AUTHOR=Pogodin Pavel V. , Lagunin Alexey A. , Rudik Anastasia V. , Filimonov Dmitry A. , Druzhilovskiy Dmitry S. , Nicklaus Mark C. , Poroikov Vladimir V. TITLE=How to Achieve Better Results Using PASS-Based Virtual Screening: Case Study for Kinase Inhibitors JOURNAL=Frontiers in Chemistry VOLUME=6 YEAR=2018 URL=https://www.frontiersin.org/journals/chemistry/articles/10.3389/fchem.2018.00133 DOI=10.3389/fchem.2018.00133 ISSN=2296-2646 ABSTRACT=

Discovery of new pharmaceutical substances is currently boosted by the possibility of utilization of the Synthetically Accessible Virtual Inventory (SAVI) library, which includes about 283 million molecules, each annotated with a proposed synthetic one-step route from commercially available starting materials. The SAVI database is well-suited for ligand-based methods of virtual screening to select molecules for experimental testing. In this study, we compare the performance of three approaches for the analysis of structure-activity relationships that differ in their criteria for selecting of “active” and “inactive” compounds included in the training sets. PASS (Prediction of Activity Spectra for Substances), which is based on a modified Naïve Bayes algorithm, was applied since it had been shown to be robust and to provide good predictions of many biological activities based on just the structural formula of a compound even if the information in the training set is incomplete. We used different subsets of kinase inhibitors for this case study because many data are currently available on this important class of drug-like molecules.

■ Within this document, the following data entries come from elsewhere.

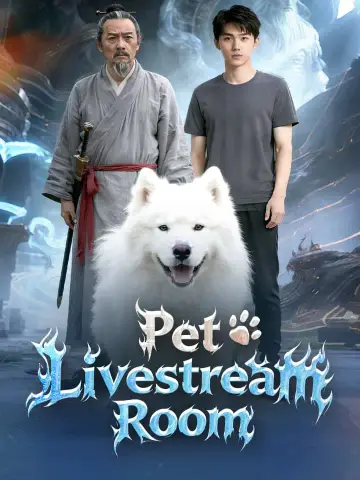 Pet Livestream Room poster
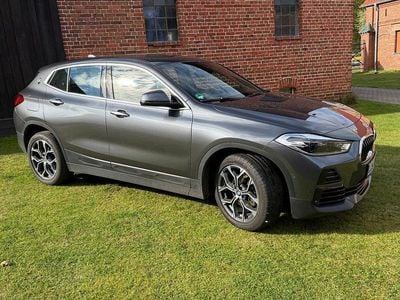 Gebraucht BMW X2 Advantage 140 PS (102 kW) 2020 Grau SUV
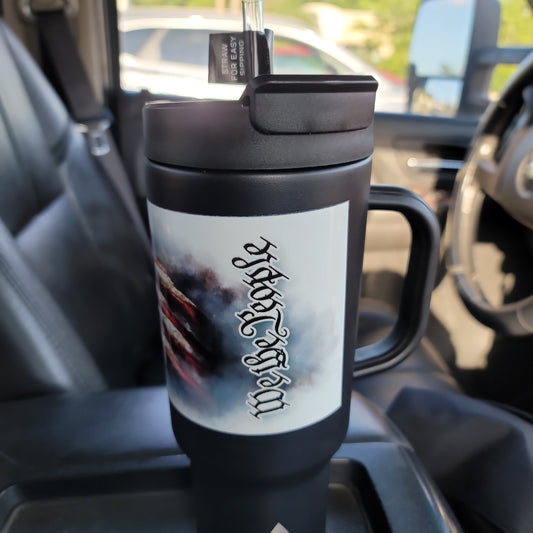 We The People DTF Mug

Based on the subsets of kinase inhibitors extracted from the ChEMBL 20 database we performed the PASS training, and then applied the model to ChEMBL 23 compounds not yet present in ChEMBL 20 to identify novel kinase inhibitors. As one may expect, the best prediction accuracy was obtained if only the experimentally confirmed active and inactive compounds for distinct kinases in the training procedure were used. However, for some kinases, reasonable results were obtained even if we used merged training sets, in which we designated as inactives the compounds not tested against the particular kinase. Thus, depending on the availability of data for a particular biological activity, one may choose the first or the second approach for creating ligand-based computational tools to achieve the best possible results in virtual screening.